You are viewing a plain text version of this content. The canonical link for it is here.
Posted to dev@beam.apache.org by Brian Hulette <bh...@google.com> on 2021/09/23 17:25:27 UTC

[PROPOSAL] Drop official support for pandas 1.0.x in the DataFrame API

Hi all,
I probably haven't discussed this topic enough on dev@, so I have a lot of
background to provide here:

My goal with the DataFrame API has been to provide an API that is
compatible with the version of pandas being used (both at pipeline
construction time, and on worker nodes), subject to the documented
"Differences from pandas" [1]. This is what we verify in frames_test.py [2]
and pandas_doctests_test.py [3].

We've already decided not to support pandas<1.0. 1.0 was a major milestone
that made several breaking changes, so it's quite challenging to maintain
support on both sides of that boundary. However, even maintaining support
across multiple minor versions (1.0, 1.1, ...) is challenging for
our unique usage, since these versions add new features that must be
conditionally supported, fix bugs that we previously worked around, etc. So
to make sure we maintain support, I've been looking at continuously
verifying the DataFrame API with multiple minor pandas versions [4].

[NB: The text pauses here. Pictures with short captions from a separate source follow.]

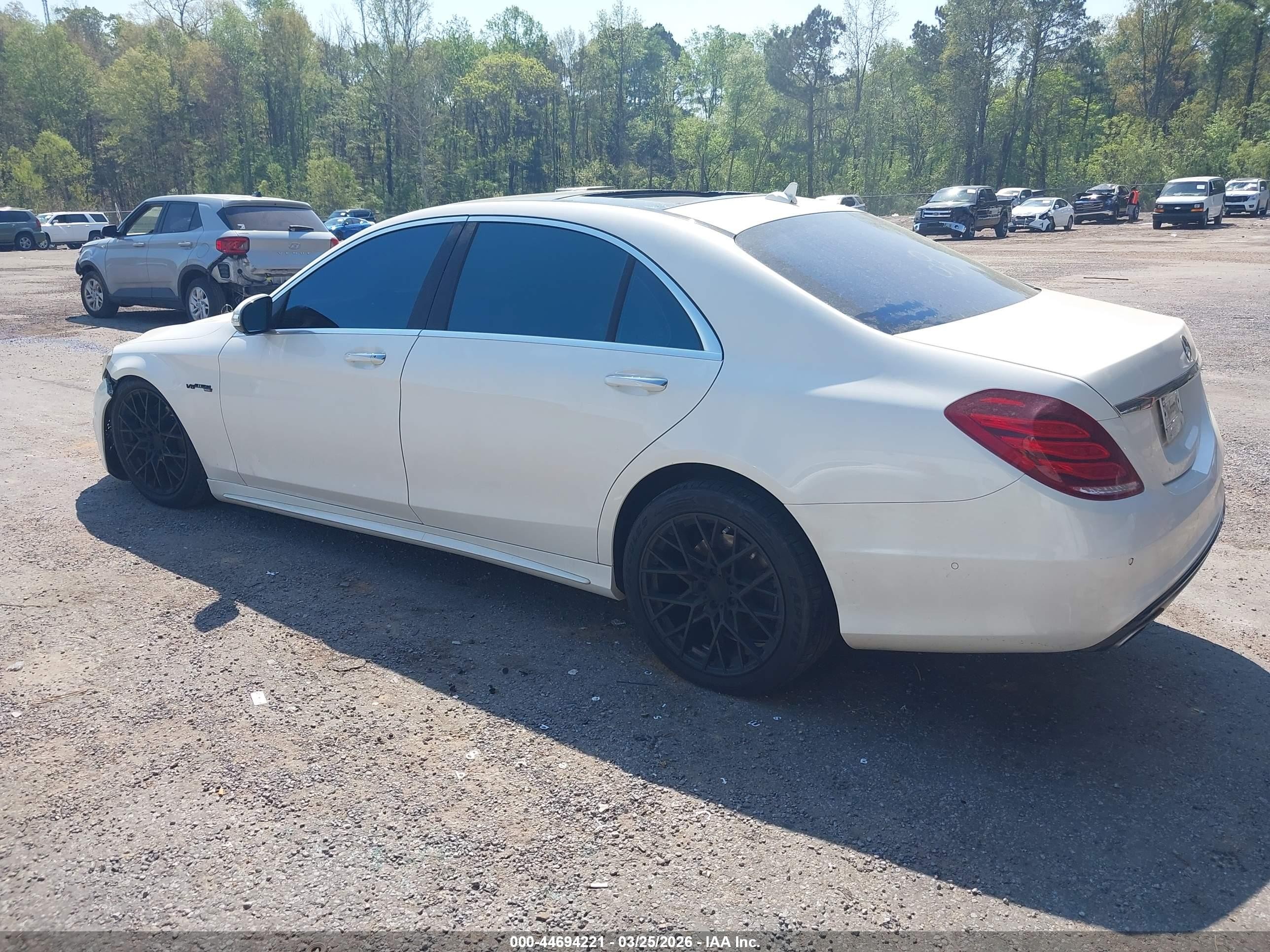 2014 Mercedes-benz S 550 4matic White vin: WDDUG8FB3EA061581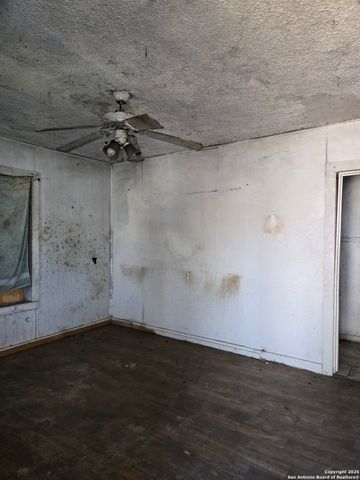 2926 El Paso, San Antonio, TX 78207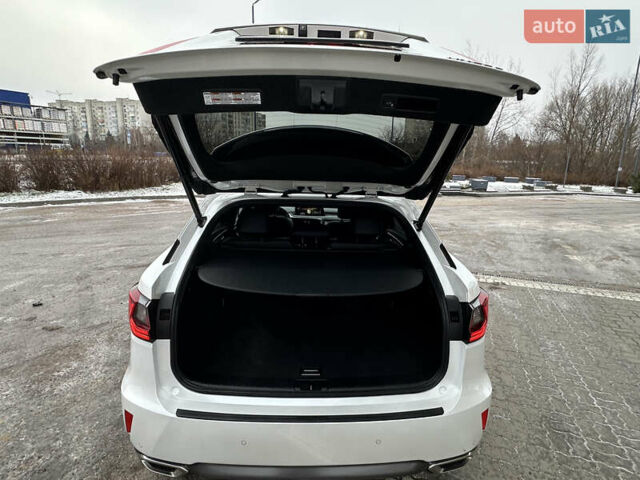 Белый Лексус РХ, объемом двигателя 3.5 л и пробегом 143 тыс. км за 33500 $, фото 133 на Automoto.ua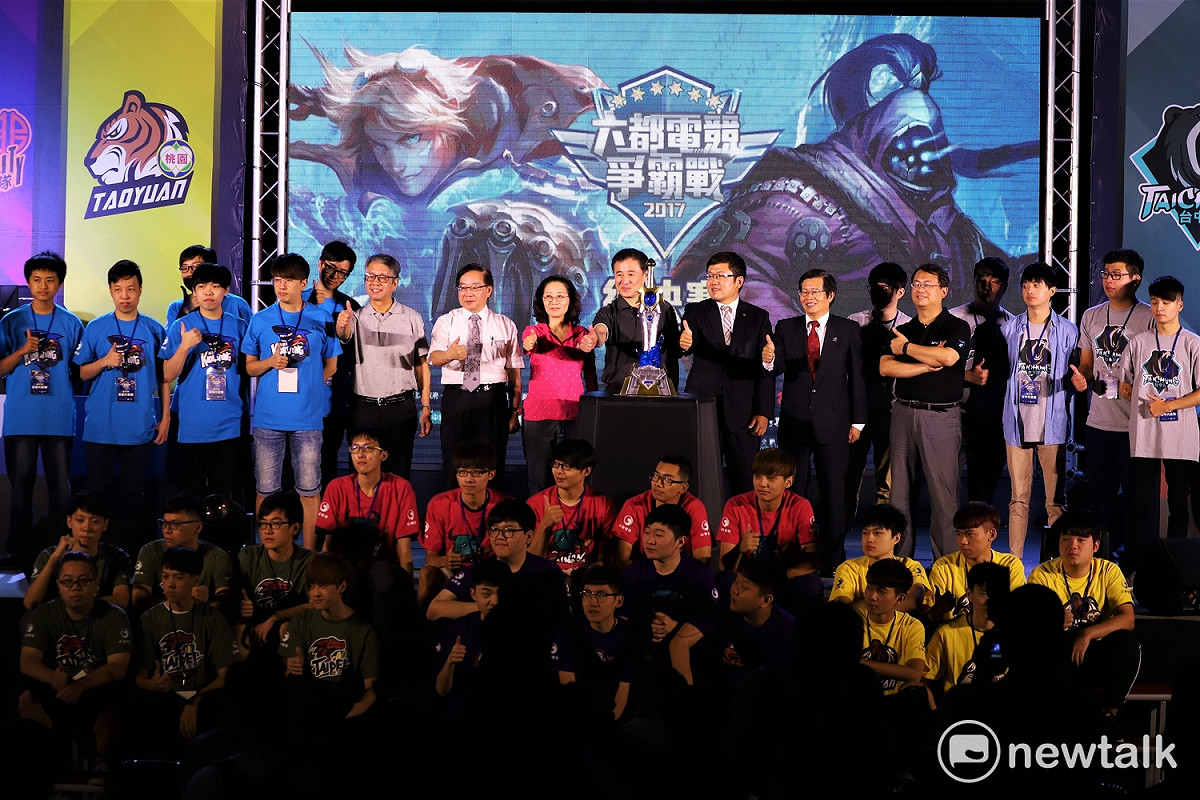 今（16）日《英雄聯盟》六都爭霸戰賽果出爐，由新北代表隊「ahq Fighter」與高雄代表隊「高雄南霸天」成功晉級總決賽。 圖：蔡幸秀/攝影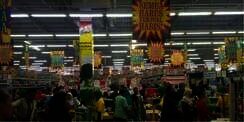 Jelang Penutupan Gerai, Giant Gelar Diskon Gede-Gedean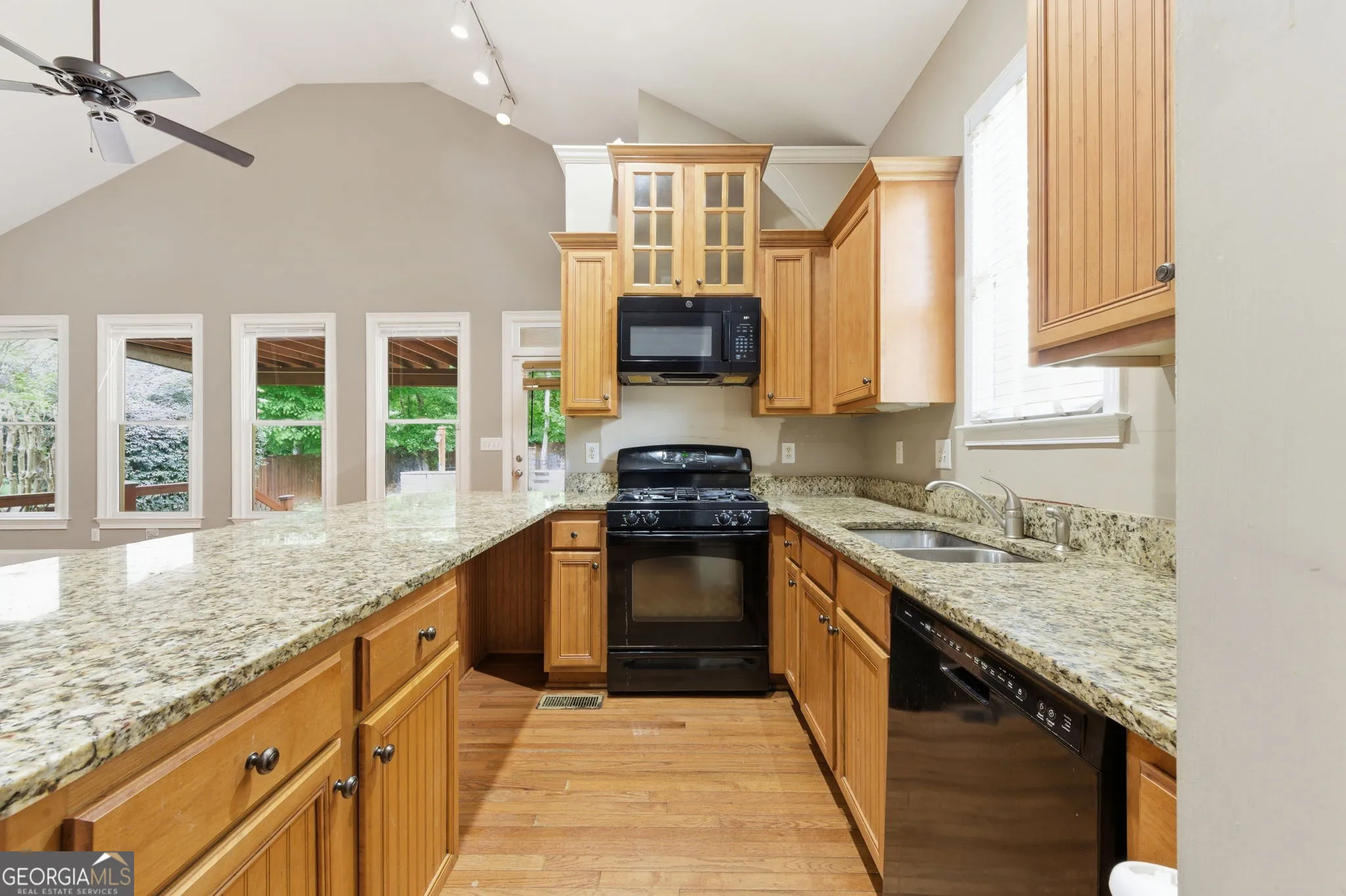 4450 Whistle Stop Ln — photo 16 of 43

So on to the issue at hand: While working on [4], I discovered that we
already have quite a few issues with pandas 1.0.x [5]. I looked into
working around the issues, but it requires quite a bit of logic that's
difficult to reason about and maintain. So I'm wondering if we should:
- officially drop support for pandas 1.0.x in the DataFrame API, and
- going forward have a policy to maintain support for the latest 3 minor
versions of pandas in the DataFrame API

This will reduce our maintenance burden, as well as the cost of verifying
supported versions. I collected some data about the pandas minor versions
to help inform this decision, detailed below. Note that pandas minor
versions are released ~every 6 months, and 1.0.x represents about 8% of
pandas usage (according to download data from the last 30 days).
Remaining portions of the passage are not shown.